Michael Pachter , a video game industry analyst for Wedbush Morgan Securities Inc. , said the lack of data on gamers has kept advertisers away, but that Sony has put itself in a good position by reaching a deal with Nielsen.

"Nielsen has no objective to make the numbers up," Pachter said. "Advertisers want that third party validation. They just want to know who's watching what, who's playing what, and who's seeing what."

Pachter said the agreement is an attempt by Sony to bolster PlayStation 3 sales by attracting more third-party game publishers with a new revenue stream that will defray some development costs. Only 1.36 million units of Sony's next-generation console have been sold in the United States since its release in November , as opposed to 2.8 million Nintendo Wiis in the same period as well as 5.6 million Microsoft Xbox 360s since that system's release in November 2005 . PlayStation 3 has been hampered by its relatively weak game library as well as the steep $599 price.

"In order to induce publishers to make software for the console, Sony is smart to be able to say to publishers, 'We can make more advertisement revenue for you because we have more data,' " Pachter said.
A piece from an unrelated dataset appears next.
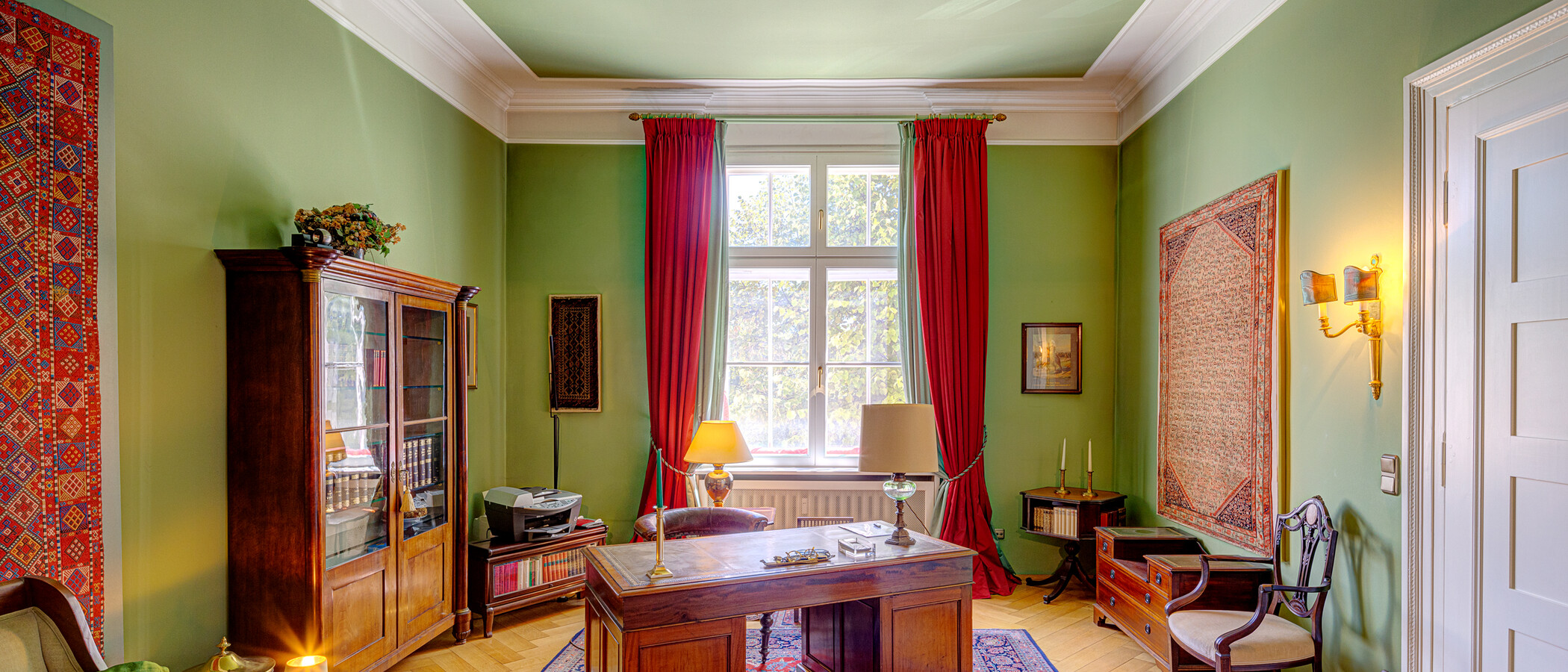 Plat München Lehel 01 Studie 4093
Nielsen will use the data gathered through Sony's console network in conjunction to information gathered through its sensors installed in the televisions of 12,000 homes to publish a monthly report on gamers' behavior and effects of in-game advertisements called GamePlay Metrics. Jeff Herrmann, vice president of Nielsen Games, said the first GamePlay Metrics report will be released July 25 and that the report will contain a specific section for PlayStation 3 starting in the fall.

Pachter said the detailed measurements also could lead to future revenue through negotiations with game publishers.

Sony could also potentially benefit directly though advertising; Karraker said Sony develops more games than other first party developers -- Nintendo and Microsoft -- although he said the company does not make public how much it makes from self-developed games. But he said the most important reason for the agreement is to make advertisers recognize the video game industry as a legitimate and significant medium.

"In the long term, what we hope it'll do is create some kind of a standard benchmark," Karraker said. "The video game industry is right now bigger than the motion picture industry, but somehow we don't seem the get the same credit."